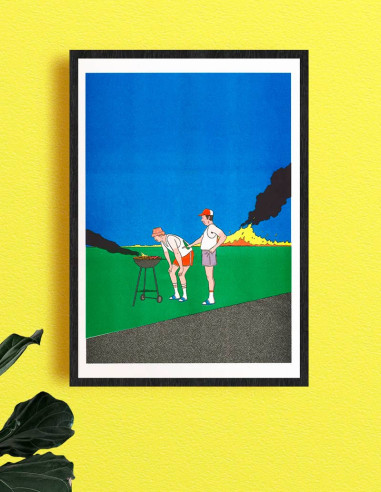 Simon Bailly - Barbeuc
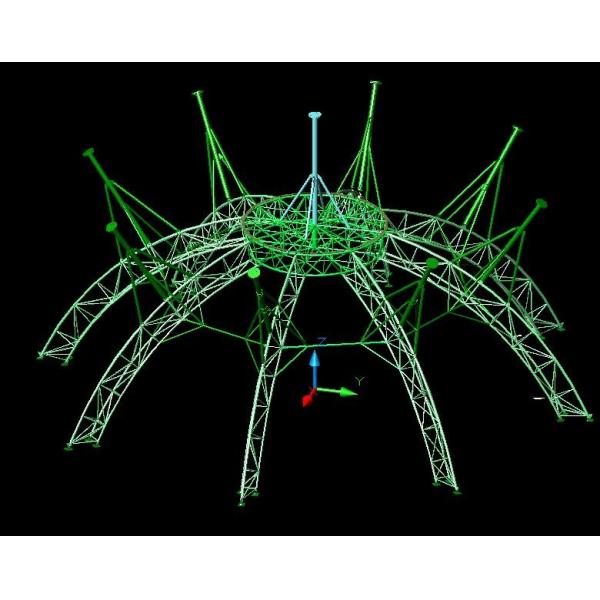 Buy OEM Hot Dip Galvanized, Waterproof Prefabricated Steel Structural Engineering Designs at wholesale prices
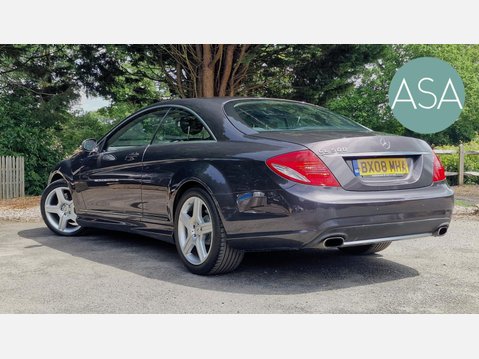 Mercedes-Benz CL 5.0 CL500 Coupe 2dr Petrol Automatic (365 g/km, 320 bhp) 6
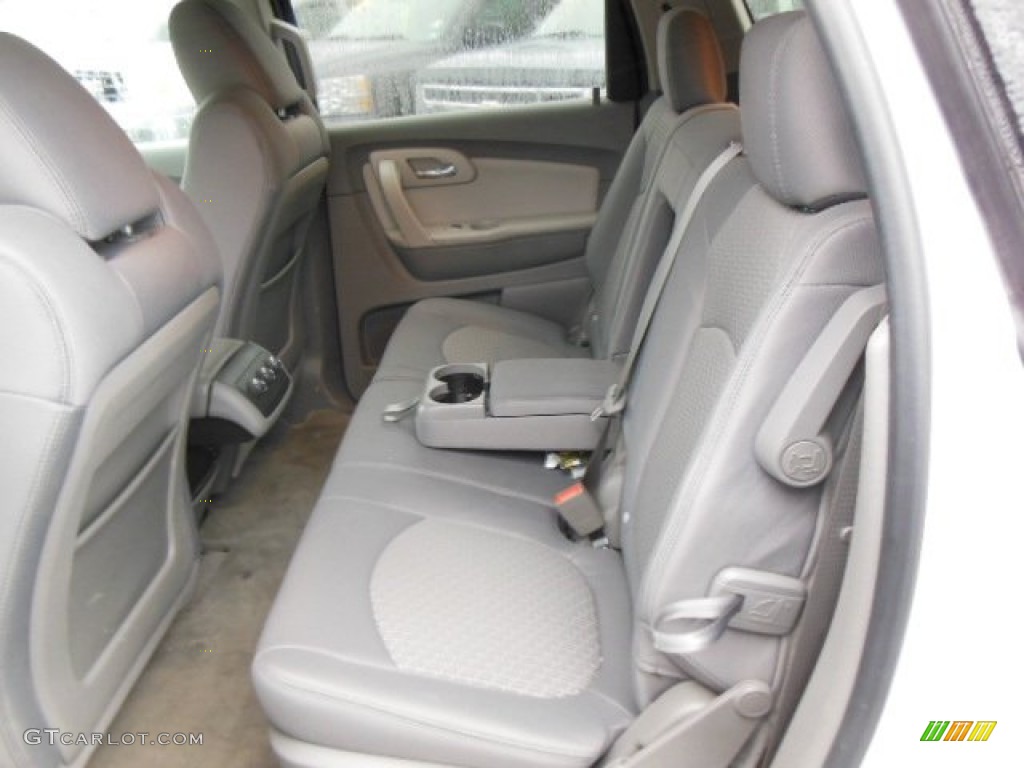 Dark Gray/Light Gray Interior 2010 Chevrolet Traverse LT AWD Photo #77607498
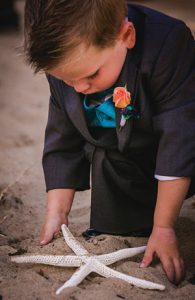 kids in outer banks weddings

──────────────────────────────

Task instructions: The records above should be reproduced exactly, with the pictures omitted.

Task response:
 Simon Bailly - Barbeuc
 Buy OEM Hot Dip Galvanized, Waterproof Prefabricated Steel Structural Engineering Designs at wholesale prices
 Mercedes-Benz CL 5.0 CL500 Coupe 2dr Petrol Automatic (365 g/km, 320 bhp) 6
 Dark Gray/Light Gray Interior 2010 Chevrolet Traverse LT AWD Photo #77607498
 kids in outer banks weddings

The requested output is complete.